A while back I talked about L1 data cache misses which, while individually not a big deal, can slow down your program in the same fashion that a swarm of angry bees sting a honey-thieving bear to death. This time we’ll look at an even more insidious evil: the L1 code cache miss.
With data caches, despite what I said in the previous article, you still have a good bit of control. You can prefetch data to them explicitly using the prefetch instructions. You control memory allocation and can make all sorts of changes to potentially improve access patterns. Every single memory access is explicit by you in your code.
But it isn’t the same with the L1 code cache (L1I). You can’t prefetch to them at all; the prefetch instructions go to the L1 data cache, not the L1 code cache. Unless you write everything directly in assembly, you can’t control the allocation and layout of the code.
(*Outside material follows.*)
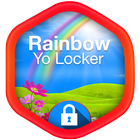 Rainbow Yo Locker HD アイコン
And you don’t control access to the code at all; it is accessed implicitly when it is run.
Many readers may have heard stories of programs running faster with gcc’s -Os (optimize for size) than -O2 or -O3 (optimize for speed); this is why. Larger code size causes more L1I cache misses, more load on the L2->L1 memory load unit, and uses up L2 cache as well. While the naive programmer may see great advantage to lots of loop unrolling or inlining, even timing the code may not be sufficient to prove that such code-size-increasing optimizations are worthwhile, since other parts of the program called afterwards could suffer due to evictions from the L1 instruction cache.
How much code size matters depends heavily on the situation. I’ll go through some cases in x264 to demonstrate. First, I’ll grab print_sizes.pl, a nice little script that will tell you the size of every function in a binary.
That’s one huge function: but it doesn’t matter. frame_deblock_row is called on each row of the frame separately, as compared to most other functions which are called on a per-block level. As such, it’s run a huge number of times in sequence without other parts of the program being active. This means that we don’t care about keeping other functions around in the instruction cache, since they’re not actively being called. As long as this function and the functions it calls total less than the size of the instruction cache (32 kilobytes on a modern Intel chip), we’re good.
That’s about 3 kilobytes of assembly functions… which are run a few times each at the end of every single x264_rd_cost_mb() call. Since the total amount of code that x264_rd_cost_mb() ends up calling can well exceed 32 kilobytes, every single time our RD calls finish, we evict 1-2 kilobytes of data from the instruction cache.
If we look at the code, we find that the SSD functions are completely unrolled; rolling them up saves a great deal of binary size and actually increases performance, despite checkasm’s benching feature telling us the functions got slower: because in real situations, the cost of high code size is greater than the cost of the few instructions involved in loop overhead.
Holy bejeezus those are some huge functions, considering that they run dozens of times per macroblock. But are they really a big problem? x264 runs all the motion search functions first, and then moves on to other parts of analysis: this means that as long as motion search fits in the 32 kilobyte instruction cache it should be reasonably efficient. Additionally, me_search_ref actually has 5 parts, one for each motion estimation method–only one of which is used at a time. Furthermore, it turns out that half the space in me_search_ref ends up being the fault of UMH.
Despite all this, we can’t be sure that there isn’t something to be gained here; the effectiveness of these two commits show that shrinking a function, even one which is very slow (and thus for which cache eviction is not as important), can still provide great benefits for performance. This could also be affected by the compiler; gcc is known to be less efficient at optimizing extremely large functions.
What can we get out of all of this? There are a few guidelines we can follow:
1. Whenever possible, try to restrict the code size of your working set to 32 kilobytes (64 kilobytes if you’re optimizing for AMD chips). If you can’t, try to organize the parts of that working set such that each part is less than 32 kilobytes and is run separately from the other parts.
2. Whenever you make an optimization that significantly increases code size, try to weigh the gained speed against the lost instruction cache. This is often a very difficult decision to make; I would tend to err on the side of smaller code size.
3. Keep a close watch on the compiler’s inlining and loop unrolling habits. Sometimes it’s better to partially inline a function than to inline it completely. At other times you may want to use the NOINLINE attribute to force gcc to stop over-inlining. Sometimes you even may find it useful to use ugly kludges to stop gcc from unrolling loops unnecessarily in particular cases. Of course, careful benchmarking should accompany any such changes.